At least on your birthday, you can make the day all about you. You can make people worship you simply for the feat of being born and continuing to exist. However, New Year’s Eve is just about our collective need to be sentimental about something. “Wow, another year has passed!” Yes, and you’ve accomplished nothing. What was your resolution from last year? How far along did you get with it? Do you even remember what it was?
New Year’s Eve is an excuse for us to lie to ourselves, to tell ourselves that this coming year, we are going to be better. We’re going to improve in some way, most commonly health or exercise-wise.
However, it never really happens. To be fair, it doesn’t really make sense. Why because today is December 31 and tomorrow is January 1 should that mean I’m going to make some major change to my personality and/or lifestyle? It’s not logical, and yet we all feed into it.
The most ironic part of New Year’s Eve and our irrational resolutions is how we typically spend the holiday evening: getting blackout drunk, staying up late, eating way too much, and making overall bad decisions. I guess the idea of a resolution, of a better you tomorrow, justifies the trainwrecks we all are on December 31.
Whatever your vice is, you can never allude it on New Year’s Eve. Whether a friend is forcing vodka down your throat or shoveling jalapeño poppers onto your overflowing appetizer plate, we’re internationally giving into peer pressure.

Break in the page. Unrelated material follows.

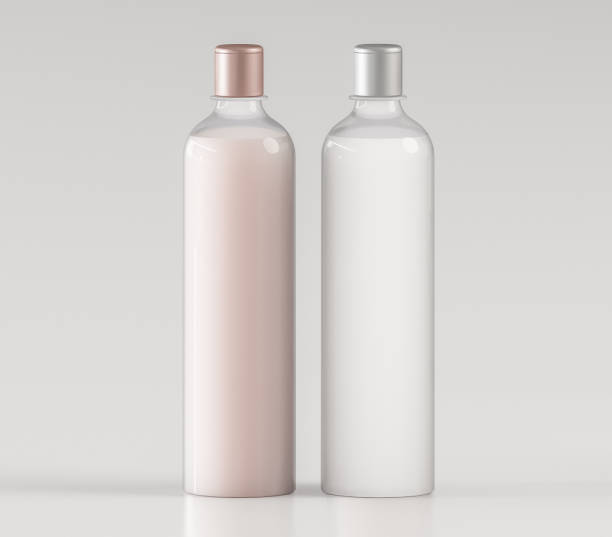 Two bottles with liquids mock up - 3D illustration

Personally, I tend to stay up way too late and make a ridiculous amount of resolutions that I probably won’t remember the next day. I’ve witnessed people make out with strangers, try drugs they’ve never tried before, drink themselves into oblivion, all in the spirit of: tonight, we’re alive! But no. You’re not. Maybe you think you are tonight, but tomorrow you’re going to wake up hungover and confused, craving a burrito and some Gatorade with no recollection of your promise to have a smoothie bowl for breakfast.
The healthy groceries you bought for the occasion will rot in your fridge, forgotten about until they begin to stink up your apartment and you’re forced to do the walk of shame: throwing them out and admitting defeat. Your brand new gym shoes will hit the floor once, maybe twice, and then end up on a rack at your local Goodwill. Your GPA will remain the same, your butt won’t get any bigger, and you won’t be any nicer to anyone.
I’m not trying to be a cynic. It’s just my job to keep it real for all of you, to bring you back down to earth when you start getting too idealistic. By all means, go out on New Year’s Eve. Have fun! Drink champagne, eat chocolate-covered strawberries, kiss your best friend at midnight. My only request is that you do this with honesty, aware of the fact that at the end of the day, it’s just—the end of another freaking day.